Required action - Give back each entry word for word, but drop the images.

Input for this task -
————————
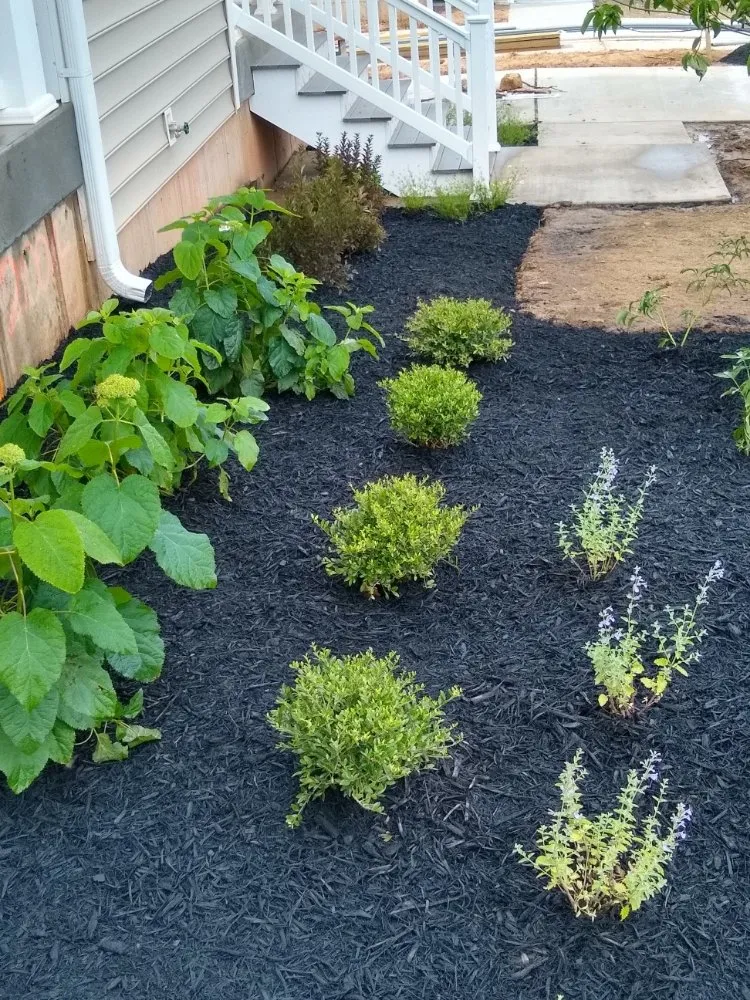 Local yard cleanup service experts serving Havre de Grace, MD - Ecoscapes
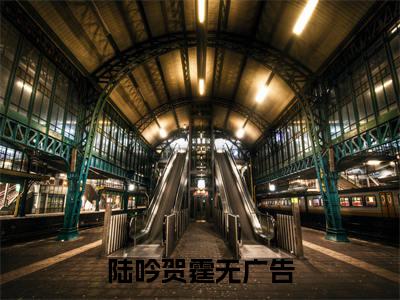 陆吟贺霆（陆吟贺霆）最新热门小说-陆吟贺霆免费阅读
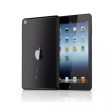 Apple iPad Mini 2 16GB Wifi Black Online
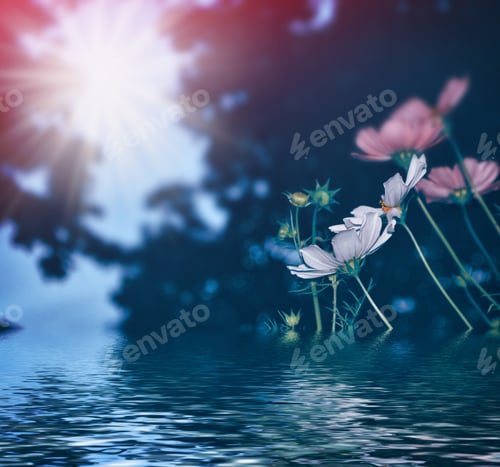 Preview: Colorful Cosmos Flowers On A Background Of Summer Landscape.
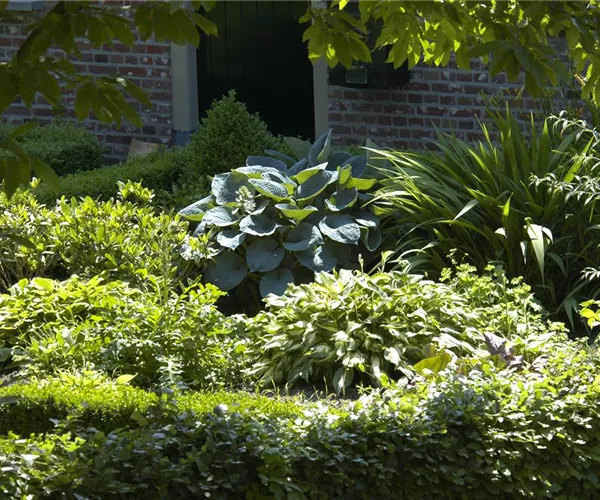 Vorhang auf: hier kommen die Blattschmuckpflanzen!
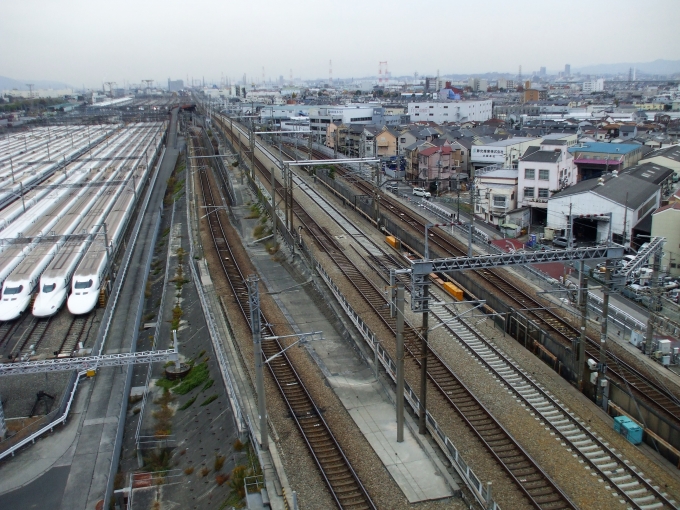 鉄道乗車記録の写真:車窓・風景(3)        「東海道新幹線を超えます」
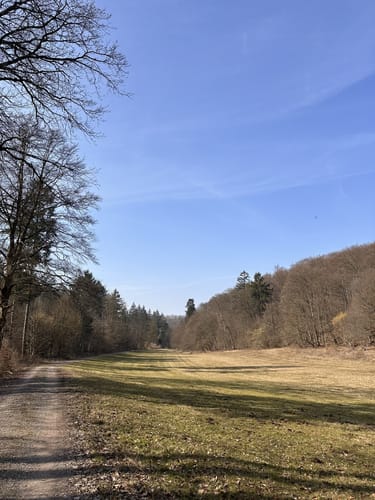 BL1 (Leichte Sonntagstour)
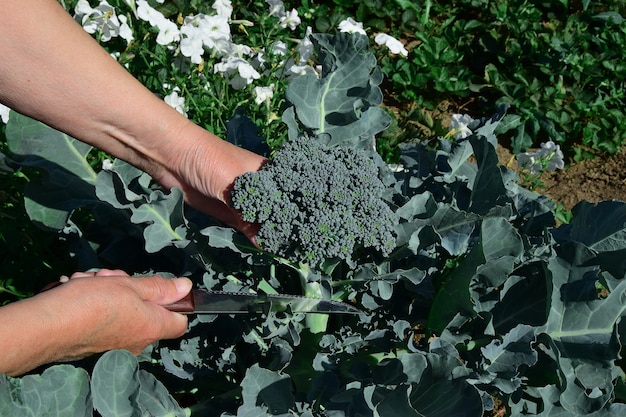 Hands of an elderly woman with a knife cut a fresh broccoli plant in the home garden. Healthy eating, sustainability, superfoods, growing vegetables, vegetarianism, lifestyle.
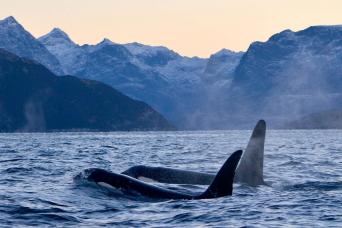 Hopefully we will encounter orcas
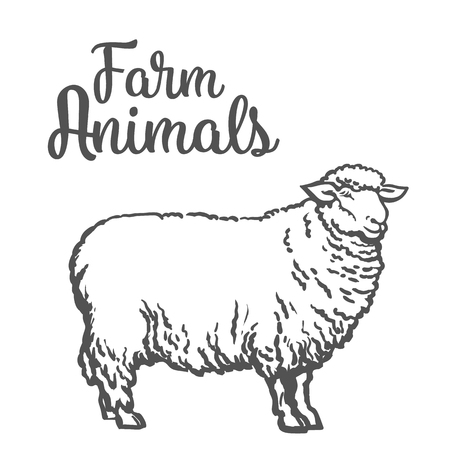White sheep isolated, vector sketch drawn by hand on a light background sheep, farm animals, cloven-hoofed livestock, sheep, sheep icon with thick furのイラスト素材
————————
Result of this exercise -
 Local yard cleanup service experts serving Havre de Grace, MD - Ecoscapes
 陆吟贺霆（陆吟贺霆）最新热门小说-陆吟贺霆免费阅读
 Apple iPad Mini 2 16GB Wifi Black Online
 Preview: Colorful Cosmos Flowers On A Background Of Summer Landscape.
 Vorhang auf: hier kommen die Blattschmuckpflanzen!
 鉄道乗車記録の写真:車窓・風景(3)        「東海道新幹線を超えます」
 BL1 (Leichte Sonntagstour)
 Hands of an elderly woman with a knife cut a fresh broccoli plant in the home garden. Healthy eating, sustainability, superfoods, growing vegetables, vegetarianism, lifestyle.
 Hopefully we will encounter orcas
White sheep isolated, vector sketch drawn by hand on a light background sheep, farm animals, cloven-hoofed livestock, sheep, sheep icon with thick furのイラスト素材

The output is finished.